## WORKING DATA
##########

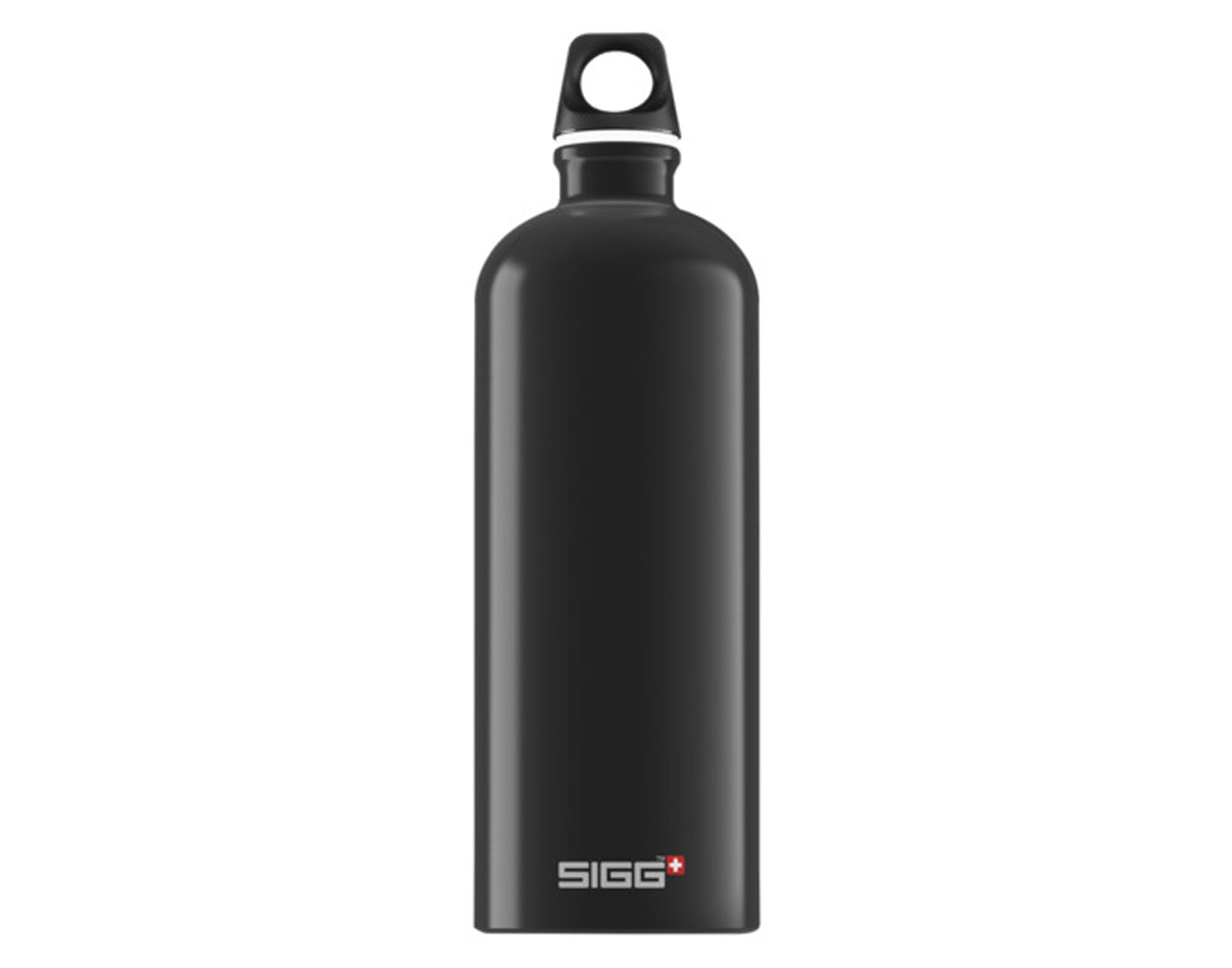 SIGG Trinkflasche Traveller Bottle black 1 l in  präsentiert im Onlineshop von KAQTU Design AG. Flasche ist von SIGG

##########

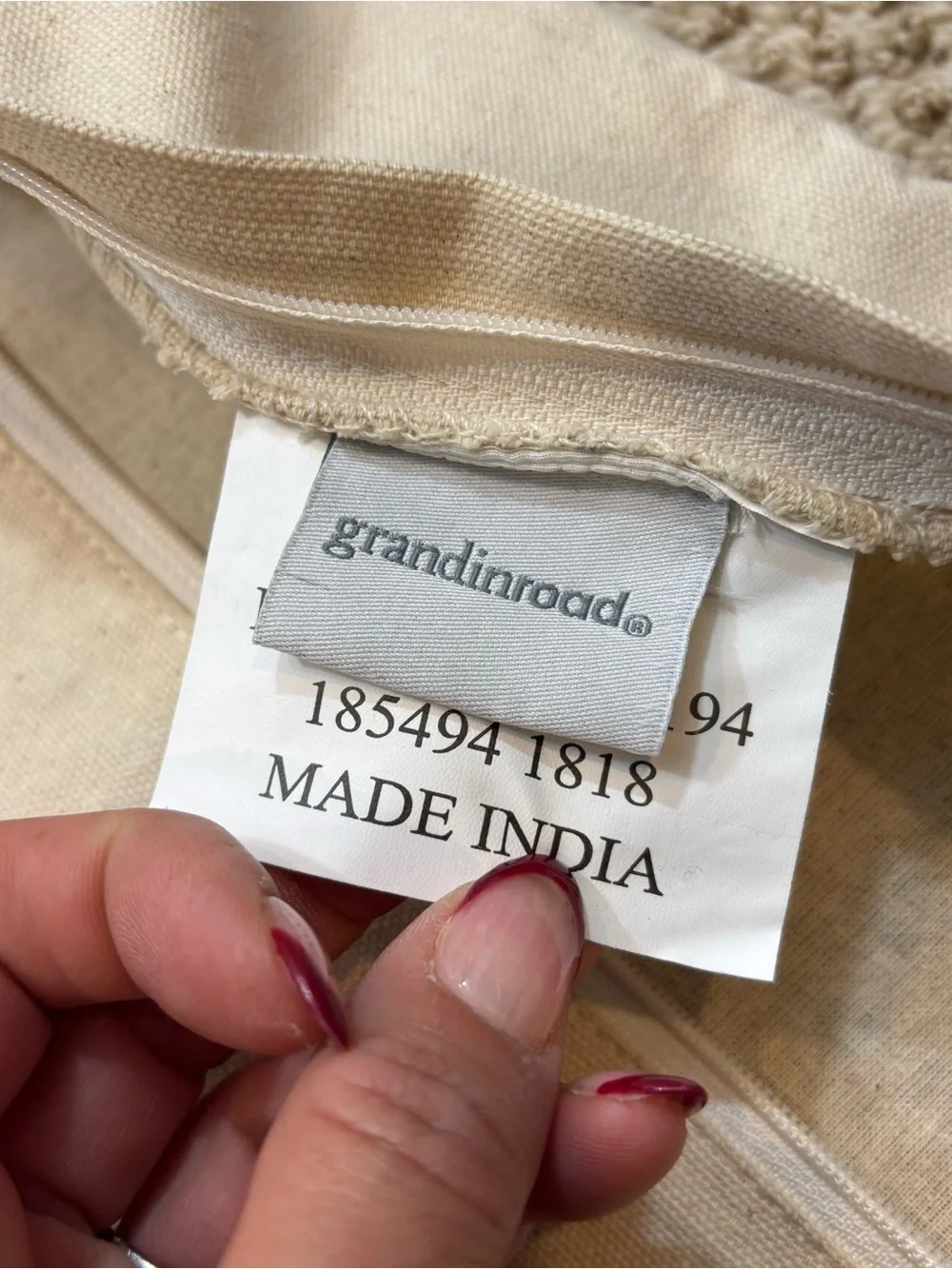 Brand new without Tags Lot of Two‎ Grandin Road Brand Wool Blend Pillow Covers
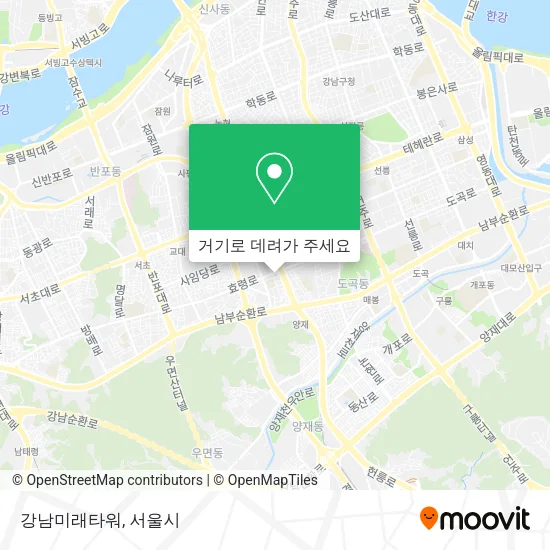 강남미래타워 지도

##########

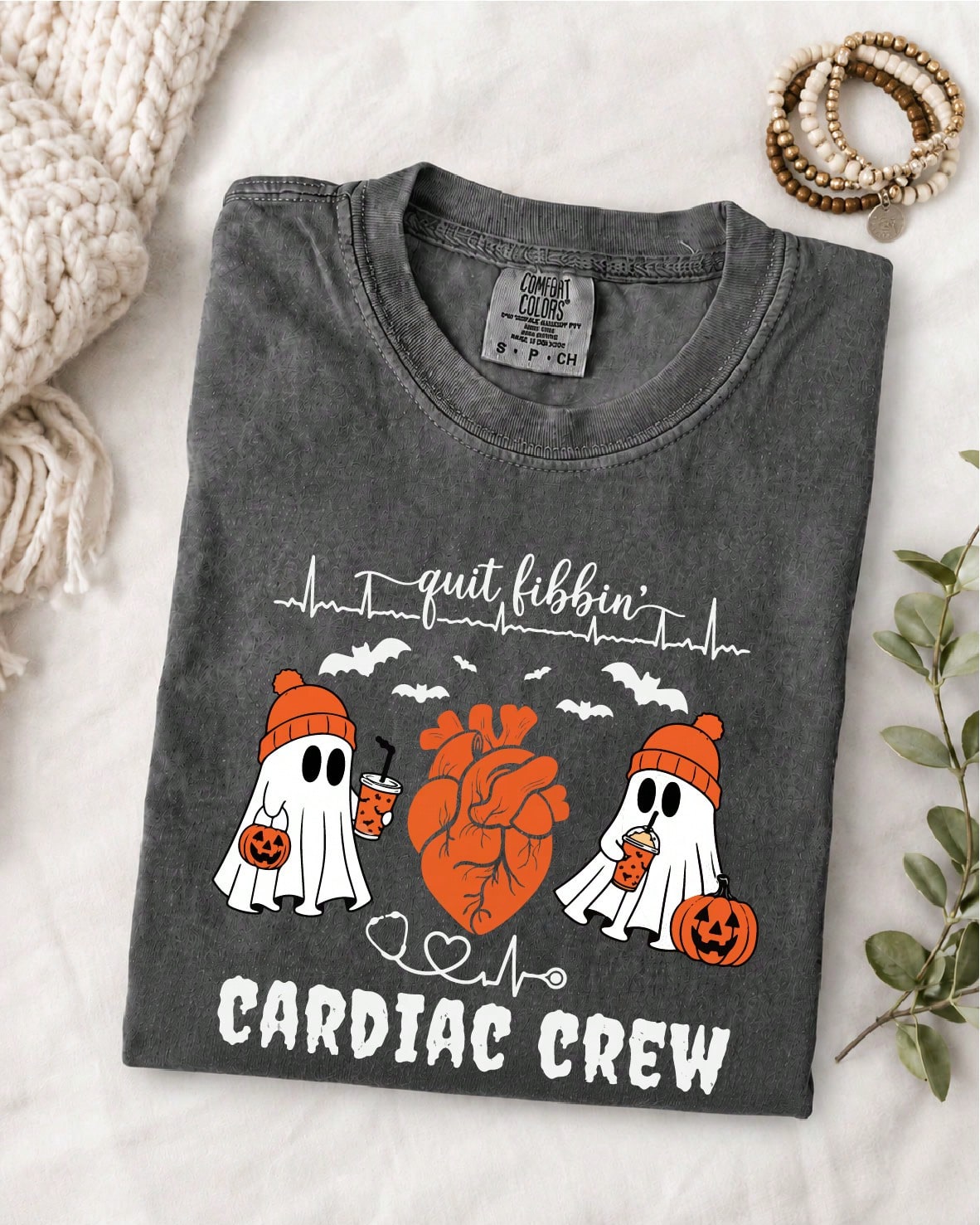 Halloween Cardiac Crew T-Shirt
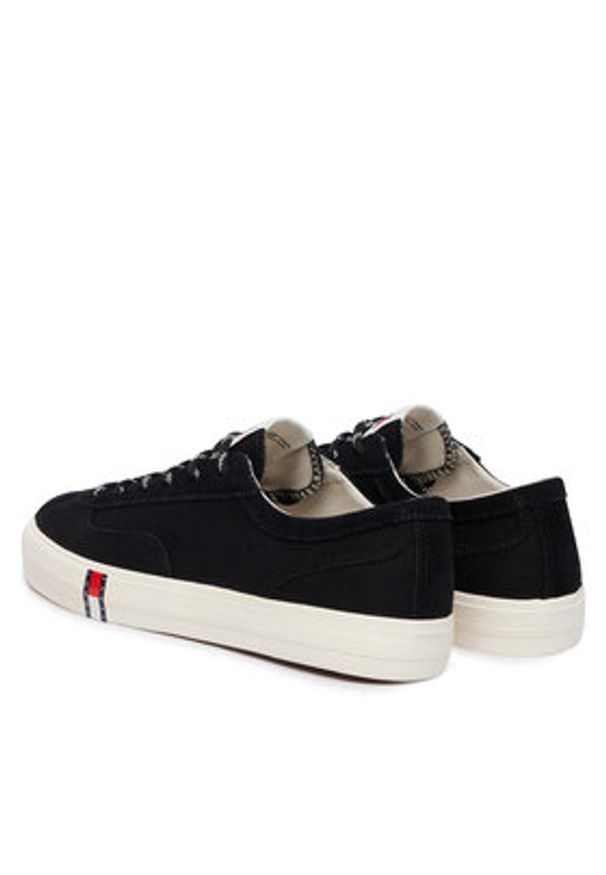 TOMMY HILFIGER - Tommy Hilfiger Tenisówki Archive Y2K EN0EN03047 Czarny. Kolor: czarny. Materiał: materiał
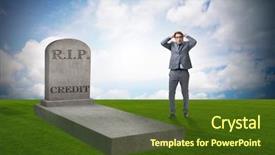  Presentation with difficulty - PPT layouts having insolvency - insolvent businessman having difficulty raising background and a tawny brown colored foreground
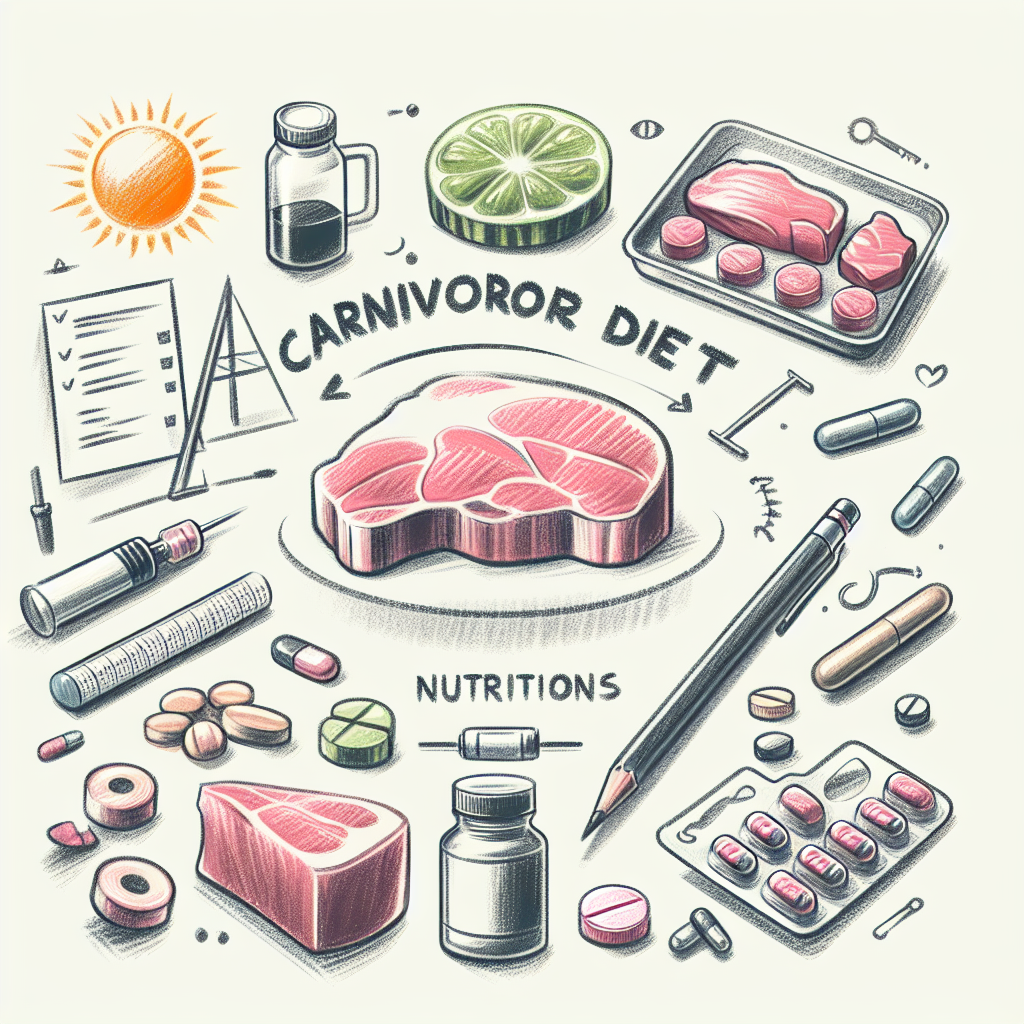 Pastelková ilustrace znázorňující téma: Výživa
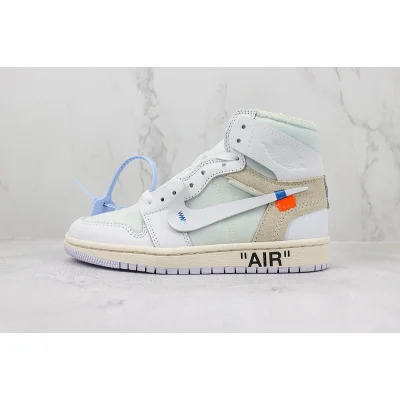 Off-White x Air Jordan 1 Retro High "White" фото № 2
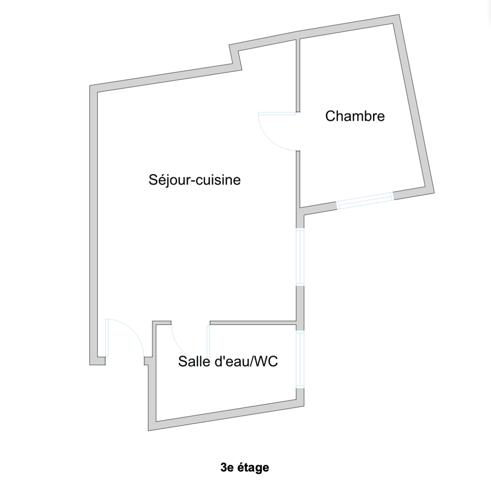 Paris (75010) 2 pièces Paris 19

##########

## INSTRUCTIONS FOR THE TASK
Beginning with the line that contains "Halloween Cardiac Crew T-Shirt", write out the lines of the material above exactly, and end with the line that contains "Pastelková ilustrace znázorňující". Omit the pictures.

## PROBLEM SOLUTION
 Halloween Cardiac Crew T-Shirt
 TOMMY HILFIGER - Tommy Hilfiger Tenisówki Archive Y2K EN0EN03047 Czarny. Kolor: czarny. Materiał: materiał
  Presentation with difficulty - PPT layouts having insolvency - insolvent businessman having difficulty raising background and a tawny brown colored foreground
 Pastelková ilustrace znázorňující téma: Výživa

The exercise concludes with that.